What is unknown to me, is how to obtain that answer.
I've tried to make equation like $\frac{x^2}{a^2} + \frac{y^2}{b^2} = 1$
We know $b$.
$c$ is half-distance between $F_1$ and $F_2$, so $c = \sqrt{2}$ (full distance $ = \sqrt{8} = 2\sqrt{2}$)
According to some formulas, $b = \sqrt{a^2 - c^2}$, hence $a^2 = b^2 + c^2 = 1^2 + (\sqrt{2})^2 = 3$
So equation "should be" the next one: $\frac{x^2}{3} + \frac{y^2}{1} = 1$
But it's a wrong equation. Obviously, this ellipse has been rotated by 45 degrees. Some posts hinted me that I should put $(a_0 x + a_1 y)^2$ in numerator.

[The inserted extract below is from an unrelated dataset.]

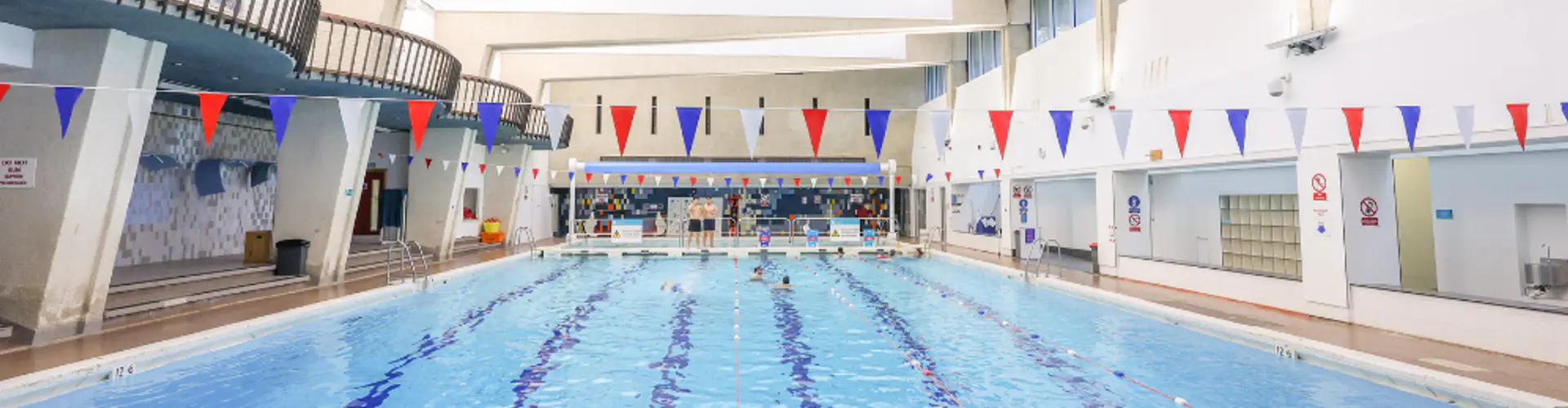 University Of Bristol Swimming Pool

Unfortunately, I don't know how to "rotate" ellipse in such form of equation. Perhaps, I need somehow to come up with more generalized form of equation
$Ax^2+Bxy+Cy^2+Dx+Ey+F=0$, but still I don't know to identify the coefficients
Anyway, I would be glad to perceive any help on your behalf.

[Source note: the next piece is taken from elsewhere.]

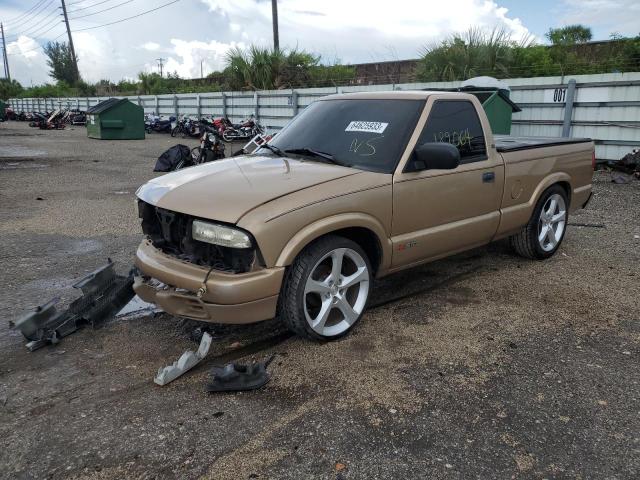 CHEVROLET S TRUCK S1 1999 1gccs1444x8120146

If $\left(\begin{matrix}X\\Y\end{matrix}\right)$ is the image of the vector $\left(\begin{matrix}x\\y\end{matrix}\right)$ after rotation by $45^o$, then $$\left(\begin{matrix}X\\Y\end{matrix}\right)=M\left(\begin{matrix}x\\y\end{matrix}\right)$$
Where $$M=\left(\begin{matrix}\cos 45&-\sin 45\\\sin 45&\cos 45\end{matrix}\right)$$ $$\implies \left(\begin{matrix}x\\y\end{matrix}\right)=M^{-1}\left(\begin{matrix}X\\Y\end{matrix}\right)$$ Where $$M^{-1}=\left(\begin{matrix}\cos 45&\sin 45\\-\sin 45&\cos 45\end{matrix}\right)$$ Hence $$\left(\begin{matrix}x\\y\end{matrix}\right)=\left(\begin{matrix}\frac{1}{\sqrt{2}}& \frac{1}{\sqrt{2}}\\-\frac{1}{\sqrt{2}}& \frac{1}{\sqrt{2}}\end{matrix}\right)\left(\begin{matrix}X\\Y\end{matrix}\right)$$
So, taking the equation of the ellipse you found, i.e. $x^2+3y^2=3$, substitute into this $$x=\frac{1}{\sqrt{2}}X+ \frac{1}{\sqrt{2}}Y$$ and $$y=-\frac{1}{\sqrt{2}}X+ \frac{1}{\sqrt{2}}Y$$ and you get the equation of the required rotated ellipse $$2X^2-2XY+2Y^2=3$$